Na deze uiteenzetting kwam de hartchirurg met een belangrijke overpeinzing. Wat zegt dit over de mens die dit doet? Hij verduidelijkte: Niet wat een schrijver moet doen, maar wat een schrijver moet zijn.

Schrijven is voor mij een in zichzelf gekeerde staat van zijn, een staat waarin ik me bij uitstek thuis voel, waarin alles heel bewust en intens beleefd kan worden, zonder enige verstoring en zonder ook maar van een stoel op te hoeven staan. Er wordt een tijd en een ruimte geschetst die niet verloren hoeft te gaan: de schrijfuren die voorbijgaan, zetten zich in eindeloze dagen, maanden, jaren om, die in verhalen eindeloos voortduren. De wereld die ik creëer kan ik scène voor scène voor me zien en beschrijven zonder dat deze werkelijkheid onder de voet wordt gelopen door onverwachte ingrepen, ongelukkige lotgevallen en andere zaken die even niet goed uitkomen. Van de positie van toeschouwer waar ik voortdurend in ‘vast’ zit, word ik regisseur. De wereld is op die manier een beheersbare werkelijkheid. Dat voelt als de ultieme vrijheid. Stephen King merkt op: ‘Voor mij is niet werken het echte werk.’ Ik kan me vinden in die uitspraak.

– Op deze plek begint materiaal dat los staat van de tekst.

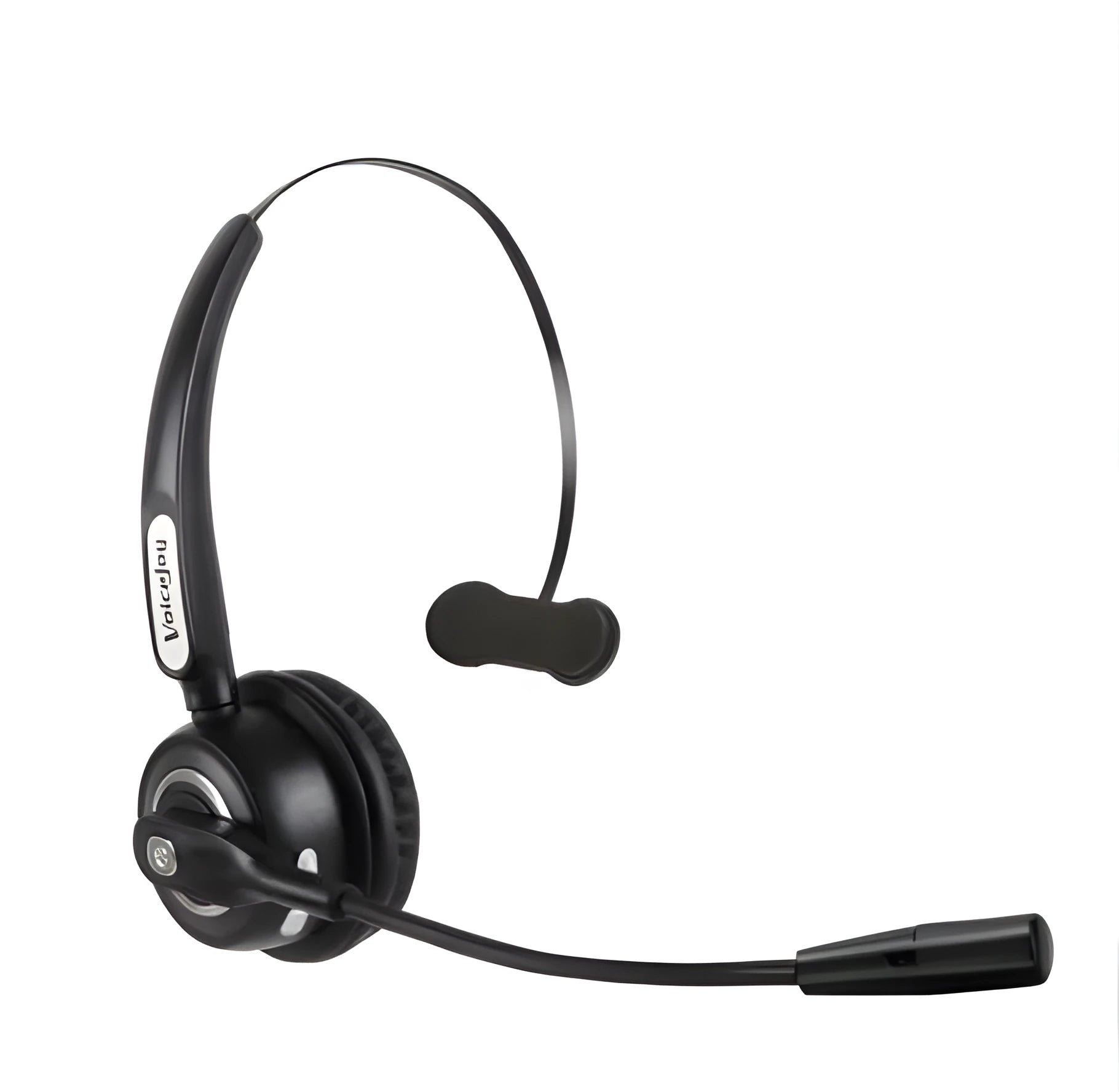 Bluetooth headset with microphone for truck drivers featuring noise-cancelling technology and USB charging cable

Is dat de reden van je tatoeage? vraagt de jonge vrouw tegenover me. Op je arm. Alleen door het onder woorden te brengen kan ik er een geheel van maken staat er in typewriter. Virginia Woolf. Het omvat precies wat schrijven voor mij doet. Het ordent en maakt een geheel van een anders verbrokkelde werkelijkheid waarvan ik de chaos moeizaam verdraag. Schrijven is in die zin het slijpen van je denkvermogen: je stelt je open voor ideeën, ordent gedachten en laat zo een overzicht ontstaan waarin iets wordt blootgelegd. ‘De waarheid zoals die door de geest en het hart wordt begrepen’, aldus King. Schrijven is een heel heldere, zeer geconcentreerde vorm van nadenken en taal geven aan hoe je de wereld begrijpt.

Waarom geen non-fictie?

Waarom niet schrijven zoals het is, de feitelijkheden, non-fictie dus eigenlijk? Het maken van fictie in het bijzonder, is een unieke vermenging van verzinnen en aanwijzen: om tot een waarachtig verhaal te komen maak je als schrijver iets nieuws met brokjes werkelijkheid en fantasie. Zo reik je net buiten je eigen werkelijkheid en maak je een nieuwe wereld: de wereld die je kent mét een wereld zoals je je die kunt voorstellen.

Ik voelde dat het tijd was om ook ruimte te geven aan de tegenstem. De groep moest weten dat in je eentje zitten schrijven dan wel heel nuttig kan voelen, maar dat het nut vaak genoeg wordt gegijzeld door een stem die zich afvraagt wat je in wezen bijdraagt aan de samenleving. Ik red er geen levens mee, besloot ik. De hartchirurg glimlachte toegeeflijk. Soms, bekende ik, verlang ik naar concrete dienstbaarheid. Dan loop ik in de supermarkt en wil ik broden door de snijmachine halen, er een sticker op plakken, ze overhandigen aan klanten en ze een hele fijne dag toewensen. 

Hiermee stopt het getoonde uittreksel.